El joven apretó los labios.

Ya no sonreía.

—Entonces, ¿qué es el infierno?

Fausto no respondió de inmediato.

Miró hacia una altura que yo no veía.

O que veía demasiado.

Después dijo:

—No pronunciéis aquí su Nombre.

El joven entendió.

—¿Por qué?

Fausto cerró los ojos.

Y cuando habló, su voz ya no tenía dureza.

Sólo verdad.

—Porque todavía me sostiene.

Nadie dijo nada.

La llanura se llenó de una claridad insoportable.

Entonces comprendí.

El infierno no era ausencia.

Era presencia rechazada.

No era una noche sin Dios.

Era Dios sosteniendo todavía aquello que ya no podía volver a Él.

Era ser amado por Aquel a quien ya no se puede amar.

Era existir por misericordia y recibir esa misericordia como fuego.

Fausto se puso de pie.

Y en aquel instante pareció más grande que todos los imperios de la historia.

Más grande que todas las revoluciones.

Más grande que todas las ideologías.

Más grande incluso que su propia caída.

Porque un condenado que ha visto la verdad posee una terrible dignidad.

La dignidad de una ruina que todavía habla.

—¿Sabes cuál es mi tormento? —preguntó.

El joven no respondió.

—Que ahora sé.

Sé que el orden existía.

Sé que el bien existía.

Sé que la belleza existía.

Sé que la verdad existía.

Sé que todo aquello contra lo que luché era precisamente aquello para lo que había sido creado.

Y lo sé sin poder amarlo.

El joven tembló.

Pero en sus ojos apareció algo peor que el miedo.

Apareció resistencia.

Había entendido.

Y aun así no quería ceder.

Fausto lo vio.

Yo también.

Y entonces comprendí que el mal no es siempre ignorancia.

A veces es una inteligencia de rodillas ante sí misma.

Una voluntad que mira el abismo, reconoce el abismo y lo elige porque no soporta recibir el cielo como don.

—Todavía puedes volver —dijo Fausto.

El joven sonrió apenas.

Ya no con inocencia.

—Volver sería obedecer.

Fausto bajó la cabeza.

No discutió.

No suplicó.

No corrigió.

Porque había escuchado aquella frase antes.

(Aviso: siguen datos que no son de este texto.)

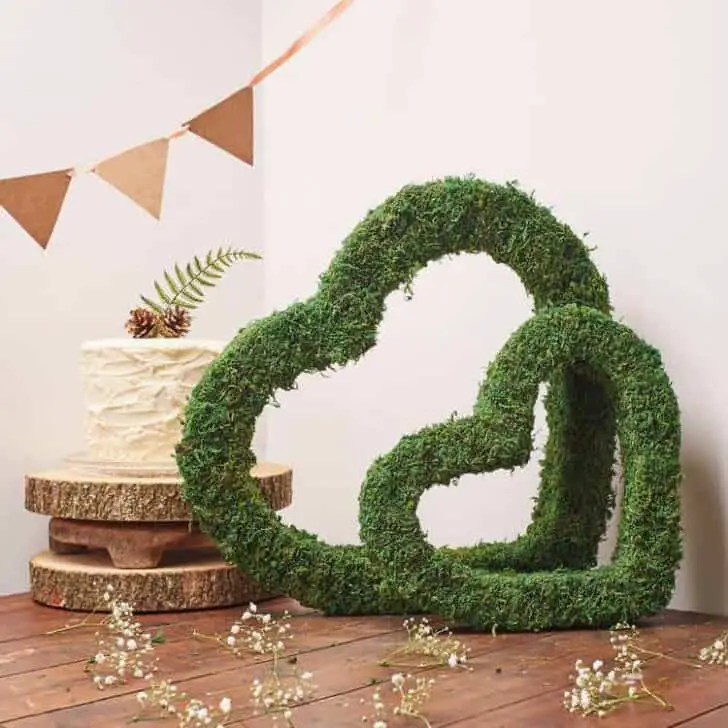 30 Indoor & Outdoor Moss Decorative Ideas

La había escuchado en su propia alma.

Durante siglos.

Entonces el joven se alejó.

No corrió.

No fue arrastrado.

No cayó.

Simplemente siguió caminando hacia la claridad.

Y esa fue la cosa más terrible.

Que nadie lo empujaba.

Fausto permaneció inmóvil.

Yo quise hablarle.

Preguntarle.

Acaso pedirle una última palabra.

Pero él volvió lentamente el rostro hacia mí.

Y entonces comprendí que no había sido testigo de una escena ajena.

No estaba viendo el destino de un monstruo.

No estaba viendo una fábula antigua.

No estaba viendo el futuro de otros.

Aquella llanura no estaba habitada por muertos.

Estaba habitada por hombres.

Y, por un instante, tuve la certeza de que la distancia entre aquel lugar y nuestro mundo era infinitamente menor de lo que había imaginado.

Fausto me miró.

No dijo nada.

No era necesario.

Porque comprendí que el condenado no me estaba mostrando su destino.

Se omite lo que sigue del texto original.